Task input.
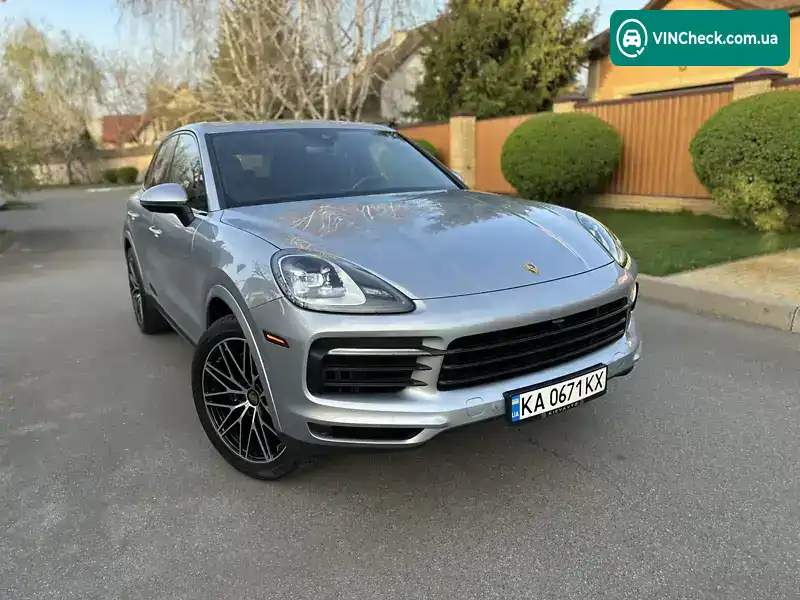 Porsche Cayenne 2021, фото з оголошення 1 з 20, VIN WP1AA2AY6MDA07534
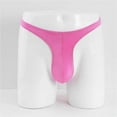 thumbnail image 3 of Mens Underwear Clearance Thongs Seamless Low-waisted Adult Revealing Buttocks Narrow-brimmed T Pants, 3 of 4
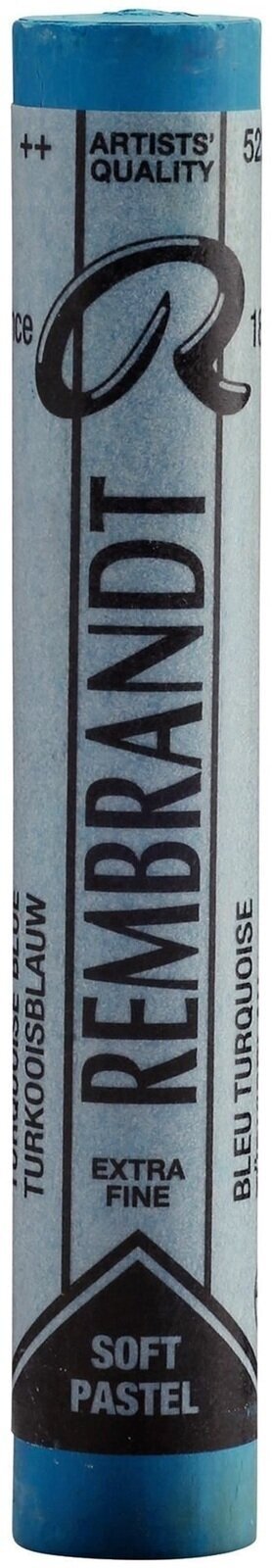 Pastel sec Rembrandt Soft Pastel Turquoise Blue 5 Pastel sec Turquoise Blue 5 1 pc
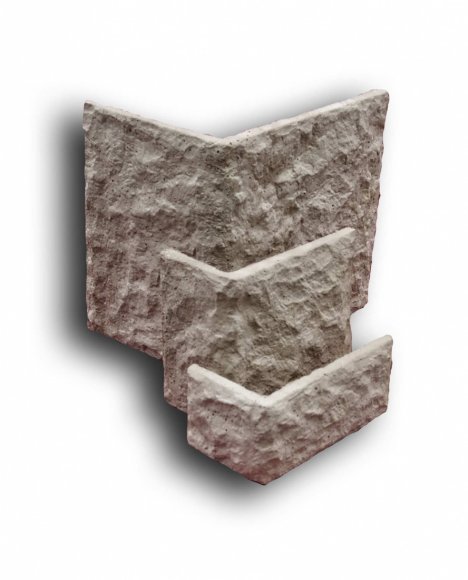 Betonový obklad HAKL pískový 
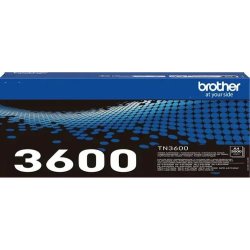 BROTHER TONER TN3600 NEGRO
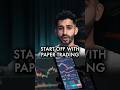 Paper Trading is Not Real Trading!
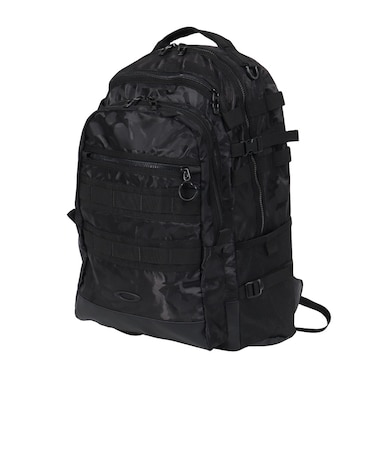 オークリー(OAKLEY)Enhance LT バックパック L 9.0 Fw 35L 黒 35L FOS902149-062 ボックス型 撥水 シンプル リ…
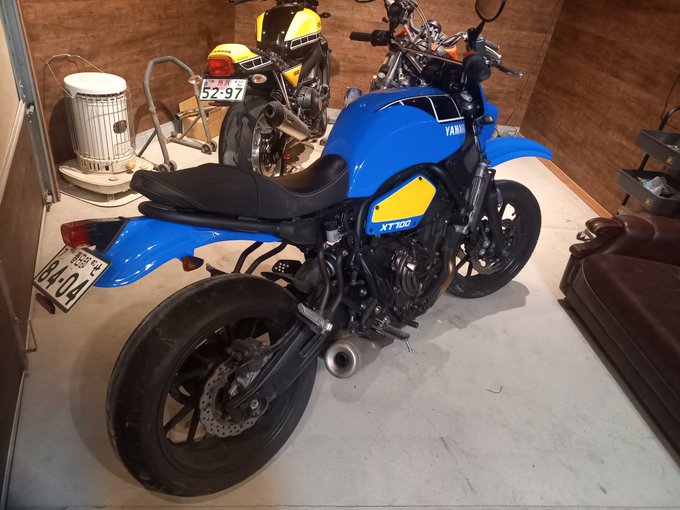 XSR700 ビキニカウル ノーズポッド winstudio.com.sg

Directions for this task. Print all the entries again exactly as written, but without the pictures.

Output for this task.
 Porsche Cayenne 2021, фото з оголошення 1 з 20, VIN WP1AA2AY6MDA07534
 thumbnail image 3 of Mens Underwear Clearance Thongs Seamless Low-waisted Adult Revealing Buttocks Narrow-brimmed T Pants, 3 of 4
 Pastel sec Rembrandt Soft Pastel Turquoise Blue 5 Pastel sec Turquoise Blue 5 1 pc
 Betonový obklad HAKL pískový 
 BROTHER TONER TN3600 NEGRO
 Paper Trading is Not Real Trading!
 オークリー(OAKLEY)Enhance LT バックパック L 9.0 Fw 35L 黒 35L FOS902149-062 ボックス型 撥水 シンプル リ…
 XSR700 ビキニカウル ノーズポッド winstudio.com.sg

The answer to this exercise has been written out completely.